项目作者: akjindal53244
项目描述 :
Text classification using char-CNN + word-CNN
高级语言: Python
项目地址: git://github.com/akjindal53244/text_classification_hierarchical_cnn.git
text_classification_hierarchical_cnn
Text classification using char-CNN + word-CNN
Reference:
Convolutional Neural Networks for Sentence Classification
http://www.aclweb.org/anthology/D14-1181
Character-Aware Neural Language Models
https://arxiv.org/pdf/1508.06615.pdf
File configuations:
- Assign suitable name to variable ‘datasetidentity’ (dataset specific name) under class DataConfig. Create folder with name “dump“ + dataset_identity under ‘data’ folder. All dataset specific vocab, embedding_matrix will be automatically stored in this folder. It helps maintaining consistency while doing experiments on multiple datasets.
- Like above, copy train, valid and test files under folder with name as ‘dataset_identity’ variable’s value under ‘data’ folder and accordingly change file/folder paths into class DataConfig under ‘utils/feature_extraction.py’.
- data format: Label TAB Utterance (No space around “\t”)
- Model and architecture related settings (number of layers, filters, enable fully connected layers, dropout, epochs, batch_size, lr etc..) can be adjusted via class ‘ModelConfig’ under ‘utils/feature_extraction.py’
- Current code uses SENNA 50d embeddings - https://ronan.collobert.com/senna/ however you can use your own embeddings. Just change filename via variable name ‘embedding_file’ into class ‘DataConfig’
Traininig/Testing => train.py
For Training:
main(Flags.TRAIN, load_existing_dump=False)
‘load_existing_dump’:
If set to False, will create vocabs, embedding_matrix etc. from input dataset and saves into ‘dump_dir’ as mentioned above.
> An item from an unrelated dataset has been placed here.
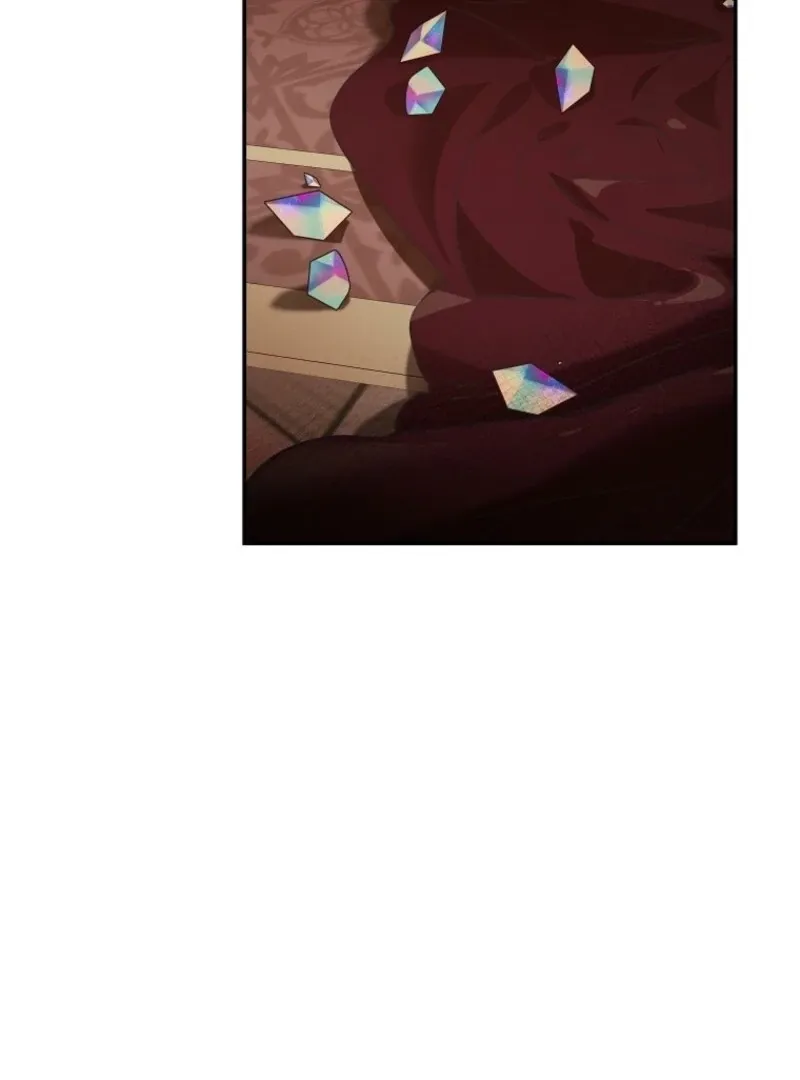 Reincarnated Princess Chapter 52 page 24 - 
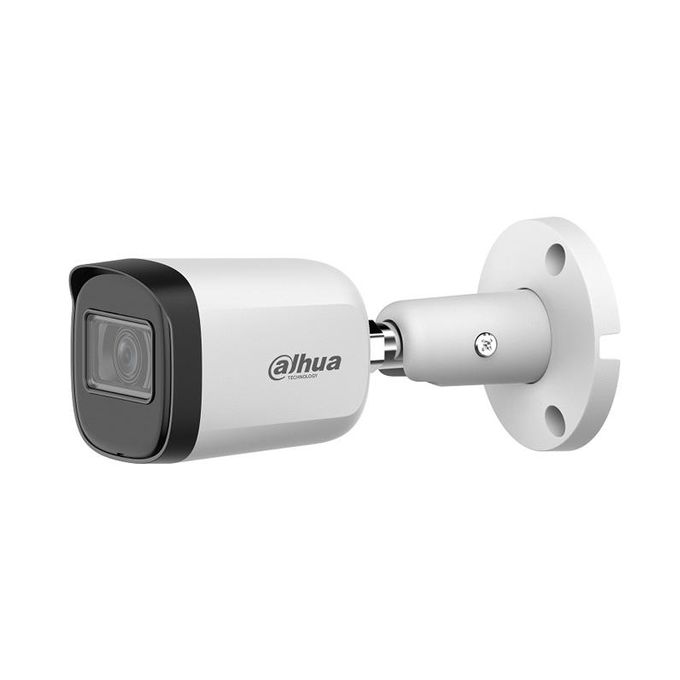 Camera de surveillance Bullet 2MP HDCVI 2.8mm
If True, will load it from existing ‘dump_dir’ without creating vocabs again, thus little faster. It is useful while performing multiple training with same dataset:
main(Flags.TRAIN, load_existing_dump=True)
For Testing:
main(Flags.TEST, load_existing_dump=True)
Error Analysis:
Incorrect test predictions will automatically get written under model_saver directory.